ABB Ltd. Chief Executive Officer Joe Hogan said he’s working to improve the power-grid division’s performance following delays in connecting a German offshore wind farm.
The power-systems division booked a $20 million charge and won’t meet a medium-term operating-margin target of 7 percent to 11 percent of sales this year, Zurich-based ABB said today. The unit, which may post a charge of as much as $50 million in the fourth quarter, will be “back in the middle” of the margin target range in 2013, Hogan said on a conference call.
An economic contraction stemming from the sovereign-debt crisis in countries using the euro has held back earnings across the engineering industry, including at Siemens AG and Schneider Electric SA. Hogan has instigated a savings program at ABB’s low-voltage products unit and is being more selective on projects. The CEO predicted today that ABB will exceed a savings plan of $1 billion this year and is targeting a similar goal next year.
“I get concerned that a lot of the macroeconomic signals point down right now,” Hogan said in a video presentation of earnings. “One area of concern is power systems. I expect to see better performance out of that business in the upcoming quarters.”

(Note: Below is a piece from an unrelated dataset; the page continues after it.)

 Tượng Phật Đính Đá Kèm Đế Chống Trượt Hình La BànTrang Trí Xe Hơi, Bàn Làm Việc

ABB dropped as much as 2 percent to 17.25 Swiss francs, the lowest intraday price since Sept. 7, and traded 0.9 percent lower at 3:21 p.m. in Zurich. That values the engineering company at 40.4 billion francs ($43 billion). Siemens stock has gained 4.2 percent in 2012, while Schneider Electric has jumped 19 percent.

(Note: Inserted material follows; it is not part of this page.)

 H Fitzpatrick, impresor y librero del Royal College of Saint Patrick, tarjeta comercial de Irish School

The power-systems division’s third-quarter earnings before interest, taxes, depreciation and amortization fell to 5.9 percent of revenue from 9.7 percent a year earlier.
Delays to the DolWin 1 offshore wind project led to the third-quarter charge at the business, ABB said in a presentation. The manufacturer has made some “needed” management and organization changes to the unit to improve performance, Hogan said.

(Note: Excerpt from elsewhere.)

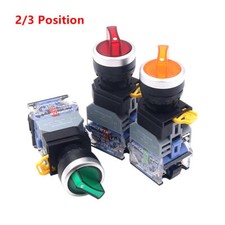 Illuminated Latching Rotary Control Switch Selector LED 22mm 220V 2/3 Position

Higher-priced large power-transformer orders should show up in sales during 2013, replacing a backlog of lower-priced contracts that ABB is working through, Hogan said.
Third-quarter net income fell 4 percent to $759 million, ABB said. Analysts predicted profit of $738.2 million. Earnings before interest and taxes fell to $1.14 billion from $1.22 billion, short of an analyst target of $1.17 billion. Orders decreased 5 percent to $9.3 billion.
The difference between profit and what analysts were predicting is “modest,” yet power systems and a more negative forecast relative to the second quarter are disappointing developments, Andreas Willi, a London-based analyst at JPMorgan Chase & Co., said in a note.
“We expect some slight downward revision to estimates due to power systems,” said Takis Spiliopoulos, an analyst at Bank Vontobel in Zurich. “However, our confidence level remains high that the first quarter has been the trough in terms of margins.”
Hogan aims for a greater portion of sales from automation and service businesses as uncertainty over wind-farms subsidies threatens new power orders in Europe and the U.S. ABB and Siemens are grappling with issues connecting wind farms to the grid, which contributed to the Munich-based competitor cutting a profit goal earlier this year.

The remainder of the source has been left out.